Comments:Add a Comment 
Dewinged
March 6th 2018


11062 Comments

Album Rating: 4.0

Great review Chamb! Thanks for covering this, really enjoying this album lately. "Istra" is THE jam!

Digging: Emma Ruth Rundle - On Dark Horses

Rockjocky
March 7th 2018


7 Comments

Album Rating: 4.0

Spot on review. A thoroughly enjoyable album. Thanks Chamberbelain!

NocteDominum
Contributing Reviewer
March 7th 2018


8777 Comments

Album Rating: 2.5

So glad you reviewed this. I can’t tell if I’m enthralled or completely underwhelmed by this.

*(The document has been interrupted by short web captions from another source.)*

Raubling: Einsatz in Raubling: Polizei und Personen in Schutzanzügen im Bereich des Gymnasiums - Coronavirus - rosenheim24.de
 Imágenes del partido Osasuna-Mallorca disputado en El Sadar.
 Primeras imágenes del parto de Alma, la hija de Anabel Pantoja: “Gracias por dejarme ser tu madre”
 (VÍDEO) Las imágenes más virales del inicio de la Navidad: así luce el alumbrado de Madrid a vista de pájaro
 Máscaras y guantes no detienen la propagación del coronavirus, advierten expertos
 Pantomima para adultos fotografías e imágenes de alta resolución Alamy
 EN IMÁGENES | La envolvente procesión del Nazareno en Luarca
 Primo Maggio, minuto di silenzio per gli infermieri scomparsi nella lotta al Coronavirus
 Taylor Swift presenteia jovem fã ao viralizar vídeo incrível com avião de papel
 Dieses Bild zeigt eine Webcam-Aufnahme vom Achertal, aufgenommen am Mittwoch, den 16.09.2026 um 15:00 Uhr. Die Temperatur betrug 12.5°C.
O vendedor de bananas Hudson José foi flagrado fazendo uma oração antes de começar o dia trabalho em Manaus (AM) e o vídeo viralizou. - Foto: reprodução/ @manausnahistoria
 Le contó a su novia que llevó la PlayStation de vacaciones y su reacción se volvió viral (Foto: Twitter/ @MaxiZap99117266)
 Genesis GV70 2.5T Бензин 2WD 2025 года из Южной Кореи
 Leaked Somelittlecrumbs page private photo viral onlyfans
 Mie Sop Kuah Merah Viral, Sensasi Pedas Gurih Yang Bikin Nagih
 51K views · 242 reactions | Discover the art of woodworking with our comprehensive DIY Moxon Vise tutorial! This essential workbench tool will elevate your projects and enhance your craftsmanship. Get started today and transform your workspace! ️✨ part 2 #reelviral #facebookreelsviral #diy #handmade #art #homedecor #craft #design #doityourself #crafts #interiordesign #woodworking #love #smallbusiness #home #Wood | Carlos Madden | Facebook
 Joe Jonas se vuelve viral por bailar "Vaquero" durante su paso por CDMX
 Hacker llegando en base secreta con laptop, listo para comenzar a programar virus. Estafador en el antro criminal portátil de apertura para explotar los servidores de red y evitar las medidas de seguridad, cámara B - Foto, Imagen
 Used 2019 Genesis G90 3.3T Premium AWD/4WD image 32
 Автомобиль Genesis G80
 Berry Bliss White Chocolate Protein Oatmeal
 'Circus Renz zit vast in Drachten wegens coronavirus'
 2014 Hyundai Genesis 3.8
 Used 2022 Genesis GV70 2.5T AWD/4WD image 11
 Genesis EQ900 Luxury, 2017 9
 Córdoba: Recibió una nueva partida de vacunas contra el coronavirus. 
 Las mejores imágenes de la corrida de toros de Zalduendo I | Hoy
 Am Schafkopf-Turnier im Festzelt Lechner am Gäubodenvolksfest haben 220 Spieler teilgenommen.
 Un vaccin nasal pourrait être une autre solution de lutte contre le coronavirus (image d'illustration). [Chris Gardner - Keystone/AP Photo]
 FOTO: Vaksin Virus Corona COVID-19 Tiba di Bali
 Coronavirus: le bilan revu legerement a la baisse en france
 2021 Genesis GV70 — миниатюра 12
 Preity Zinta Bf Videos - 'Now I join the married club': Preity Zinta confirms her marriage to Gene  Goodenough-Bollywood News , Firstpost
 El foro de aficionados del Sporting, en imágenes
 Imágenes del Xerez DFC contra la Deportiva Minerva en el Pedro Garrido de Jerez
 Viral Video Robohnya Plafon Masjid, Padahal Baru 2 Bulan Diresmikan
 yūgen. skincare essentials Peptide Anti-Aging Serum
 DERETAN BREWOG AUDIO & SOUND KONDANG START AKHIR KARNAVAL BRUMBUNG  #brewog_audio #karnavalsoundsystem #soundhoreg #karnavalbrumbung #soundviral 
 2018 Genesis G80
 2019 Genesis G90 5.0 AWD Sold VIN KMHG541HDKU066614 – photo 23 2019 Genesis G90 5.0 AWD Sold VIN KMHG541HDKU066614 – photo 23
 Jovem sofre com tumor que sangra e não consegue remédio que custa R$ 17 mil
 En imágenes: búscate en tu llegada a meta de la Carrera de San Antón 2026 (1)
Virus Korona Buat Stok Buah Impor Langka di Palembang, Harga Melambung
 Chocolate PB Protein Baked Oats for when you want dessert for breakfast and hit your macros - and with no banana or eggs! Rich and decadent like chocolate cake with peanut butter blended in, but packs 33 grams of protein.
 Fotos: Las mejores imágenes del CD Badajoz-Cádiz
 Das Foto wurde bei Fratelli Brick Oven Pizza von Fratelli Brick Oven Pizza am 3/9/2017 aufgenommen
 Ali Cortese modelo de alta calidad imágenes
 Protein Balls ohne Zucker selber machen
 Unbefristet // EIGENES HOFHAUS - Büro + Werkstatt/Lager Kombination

There’s places that amaze me but they fade quickly

Dewinged
March 7th 2018


11062 Comments

Album Rating: 4.0

I only checked the full album once cause i get stuck in the opener every time I try it.

Dewinged
March 11th 2018


11062 Comments

Album Rating: 4.0

Damn, I knew this was not gonna get much attention. It's a shame, really enjoyable album.

Dewinged
March 22nd 2018


11062 Comments

Album Rating: 4.0

Fuck this is so good, I am gonna give it a good rating bump.

NocteDominum
Contributing Reviewer
March 22nd 2018


8777 Comments

Album Rating: 2.5

The good didn't outweigh the bad for me here.

Dewinged
March 22nd 2018


11062 Comments

Album Rating: 4.0

I know man, for me it has all the ingredients I love in a record but I can see it may lack depth for a lot of people here.